Wednesday, December 9, 2015

Maria da Conceição Mirandella

What a find! Browsing through Facebook, found this image on a page with Historical images of Portugal and that I follow.

This photo is of a woman that lived on Oeiras during the French Invasions and was taken in her old days, of course. Here's what it says:

«Maria da Conceição Mirandella
Was born in 1800.
Now lives in Paço de Arcos. Still does all the domestic work and sews with the help of glasses. Never was ill and in her time a very pretty girl. She saw a century pass, and is a curious live document that can be a beautiful help for the anecdotal History of the presence of D. Miguel in his court in Caxias.»

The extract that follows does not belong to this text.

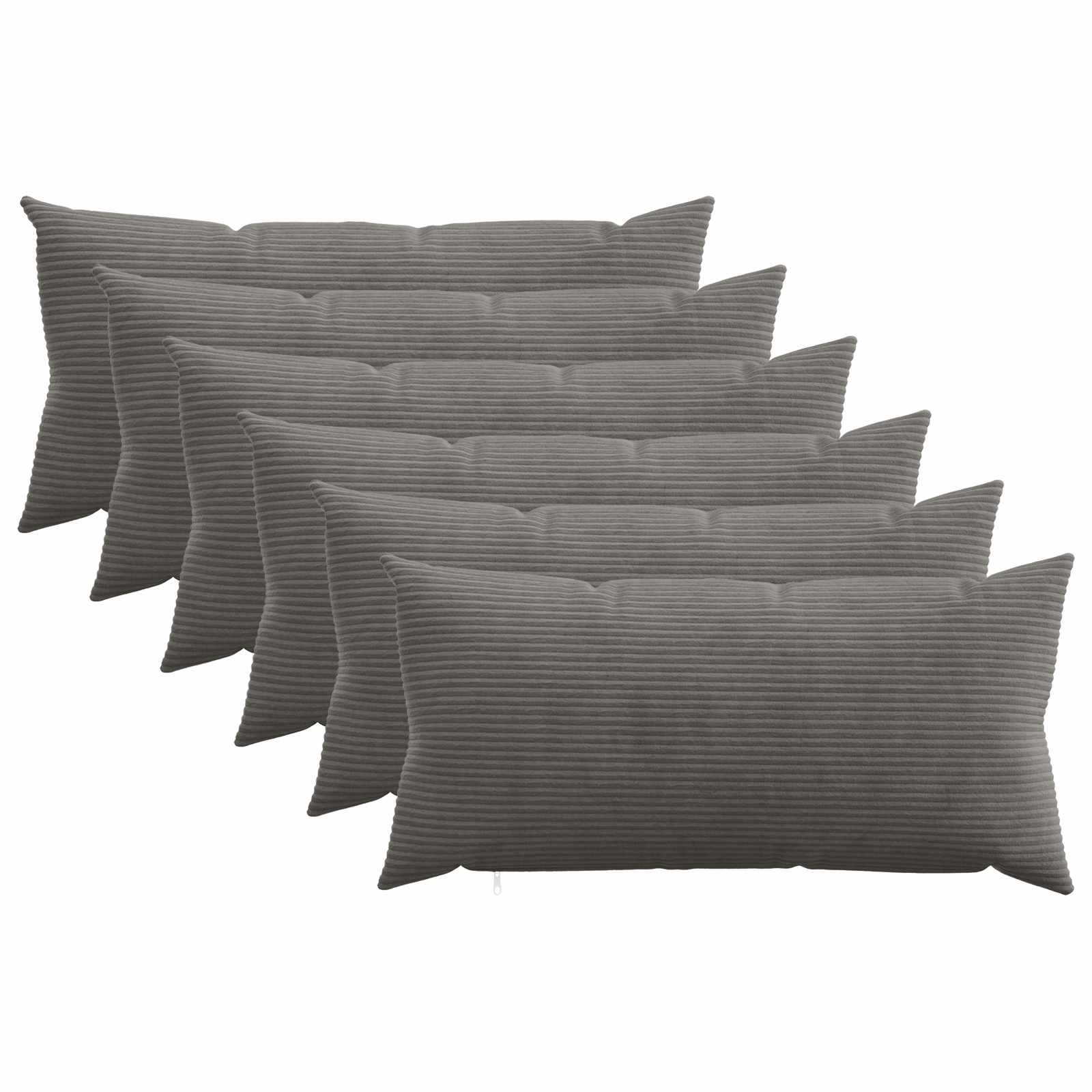 Federa 6 pcs HEERLEN Grigio Scuro 40 x 70 cm corduroy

So, we can assume that at the time this picture was taken Maria da Conceição was 100 years old. Blessed be!
And here are further explanations of what you just read:

- Oeiras was Wellington's HQ at his arrival in Portugal during the 1st French Invasion in 1808 (hence this blog's name);
- This lady was 8 years old when she saw the French arrive;
- Paço de Arcos saw the body of an English sailor being washed up at its shores at the English arrival at the Tagus river (2 blog posts about it written in the past);
- D. Miguel was one of the King's sons at the time of the French occupation and that later was the opponent of his brother, D. Pedro, in the succession of the Portuguese Crown which caused a civil war in this country right after the Napoleonic Wars (https://en.wikipedia.org/wiki/Miguel_I_of_Portugal)

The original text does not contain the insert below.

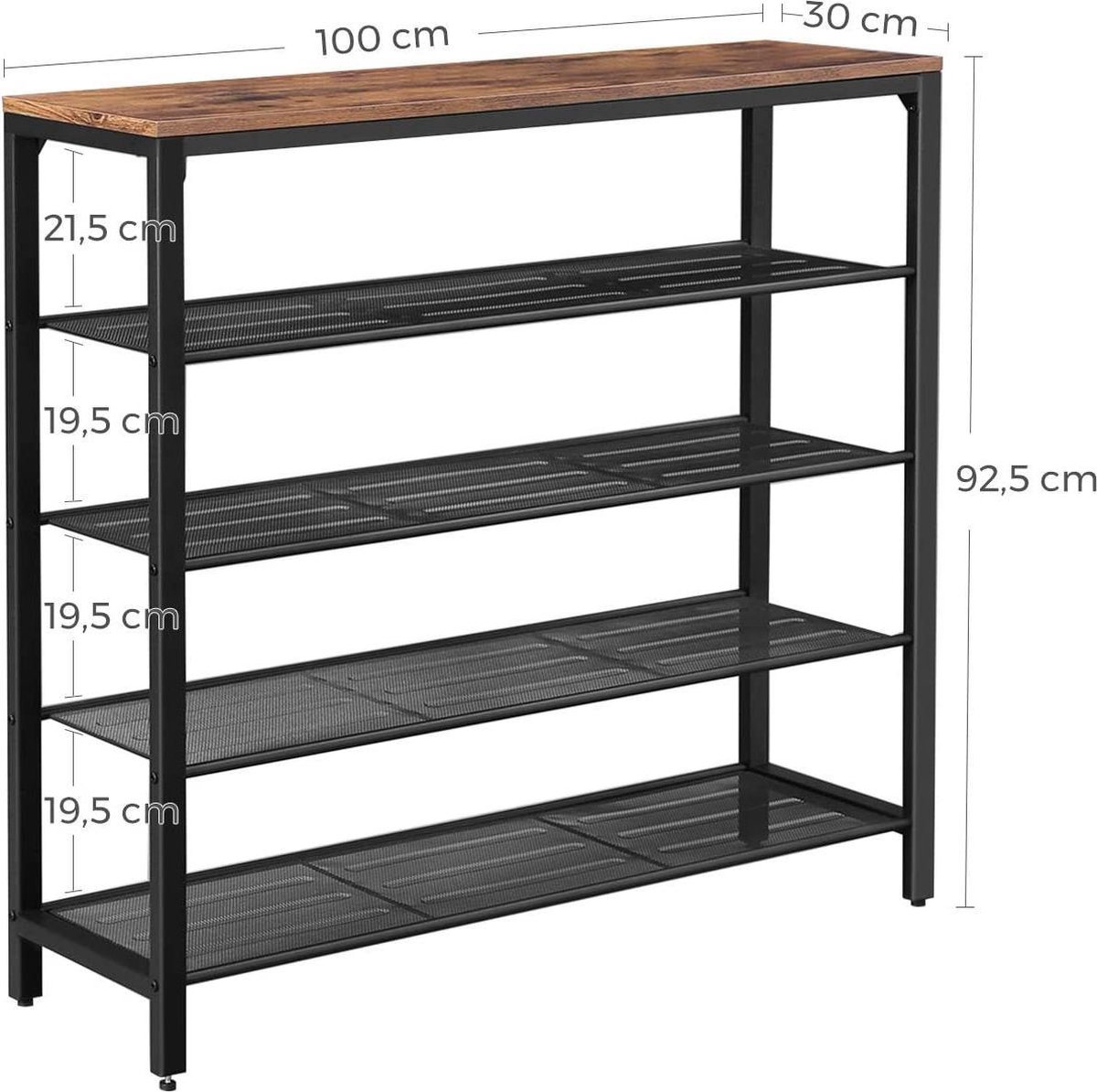 Hoppa! Vintage Metalen Schoenenrek 4 Lagen Bruin - Bruin - Metaal - 100 x 30 x 92,5 cm (8720256993254)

I hope you enjoyed it as much as I did!


carojon said...

Wow what a great find. Pictures of people who lived during a time before photography are fascinating and the link they provide to an important period in history and the events they witnessed seem to bring those events much closer to us today.

I wonder if her relatives are around and able to relate the stories of those times that she passed on to them. Now that would be great stuff.

Thanks for posting Sara


Sara Seydak said...

Yes, it is a great find.
I wonder what this woman would have remembered form that time. Surely I would enterview her.

Debra Melfi said...

Lots of great stuff !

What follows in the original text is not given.